Repeat the data that follows exactly, starting at the line with "Boulders under starry sky" and ending at the line with "720 Dalton Blvd, Port", and leave out every picture.

§ **Data for processing**:

=-=-=-=-=

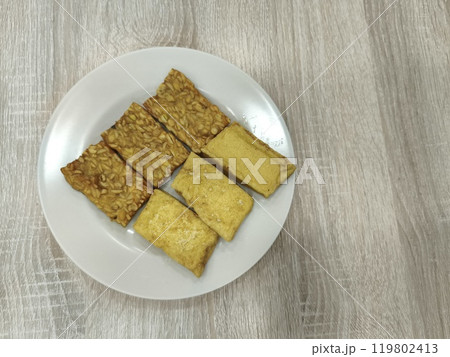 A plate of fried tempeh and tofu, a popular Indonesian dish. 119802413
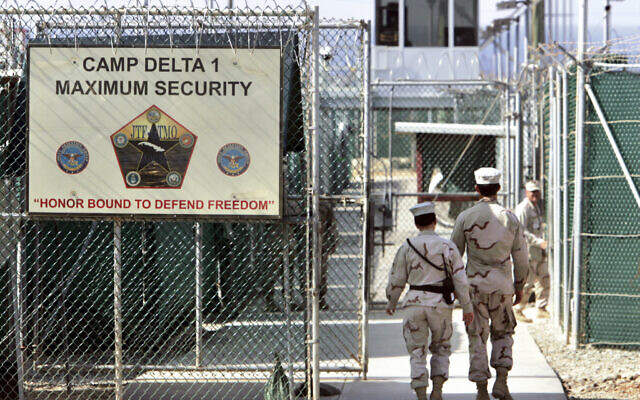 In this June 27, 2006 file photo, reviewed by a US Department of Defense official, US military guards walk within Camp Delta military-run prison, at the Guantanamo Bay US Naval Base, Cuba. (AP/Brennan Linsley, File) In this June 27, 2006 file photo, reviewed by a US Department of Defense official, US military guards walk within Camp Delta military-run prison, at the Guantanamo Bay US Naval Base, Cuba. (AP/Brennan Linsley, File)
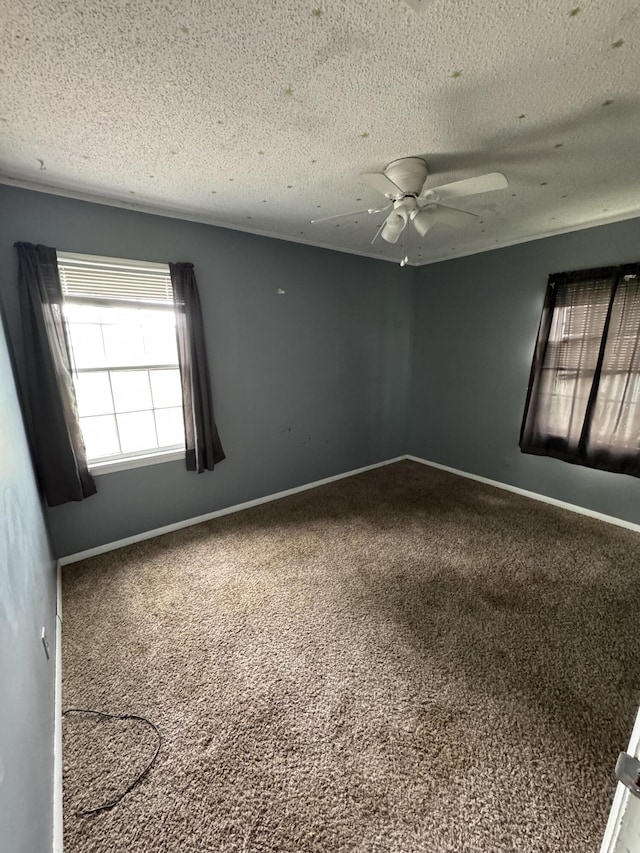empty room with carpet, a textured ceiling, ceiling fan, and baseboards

=-=-=-=-=

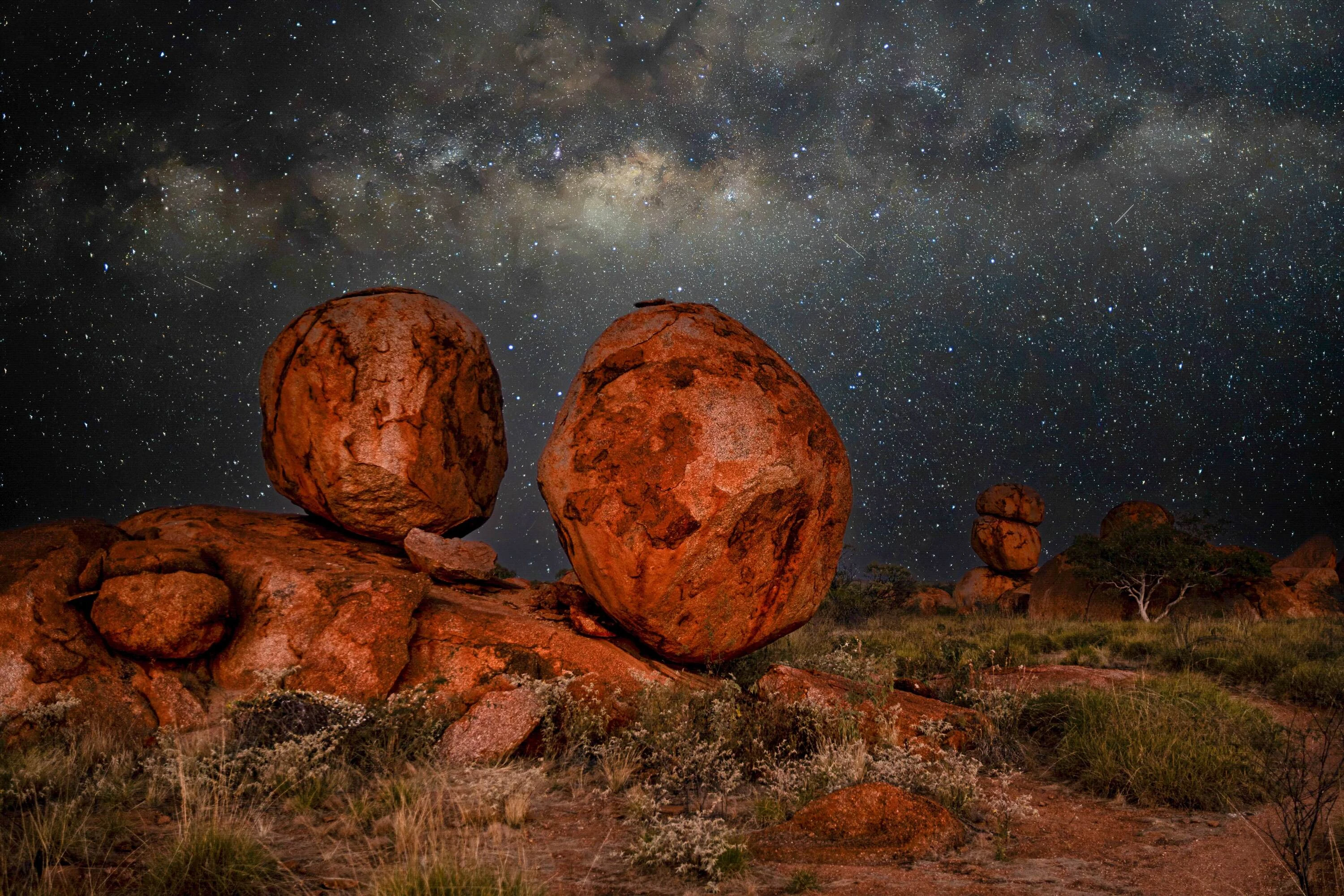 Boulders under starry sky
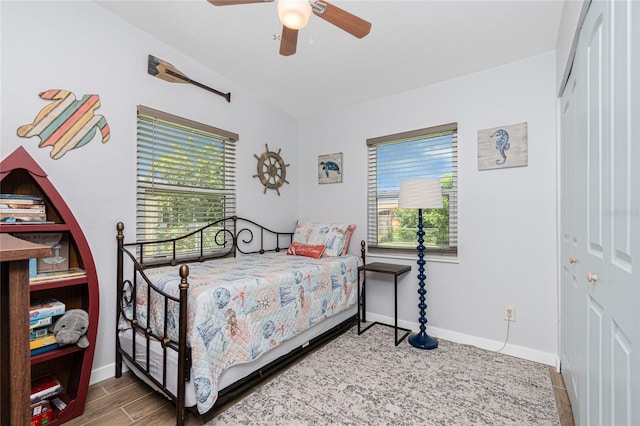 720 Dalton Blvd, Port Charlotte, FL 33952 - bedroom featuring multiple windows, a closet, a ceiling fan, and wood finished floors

=-=-=-=-=

§ **Exercise output**:
 Boulders under starry sky
 720 Dalton Blvd, Port Charlotte, FL 33952 - bedroom featuring multiple windows, a closet, a ceiling fan, and wood finished floors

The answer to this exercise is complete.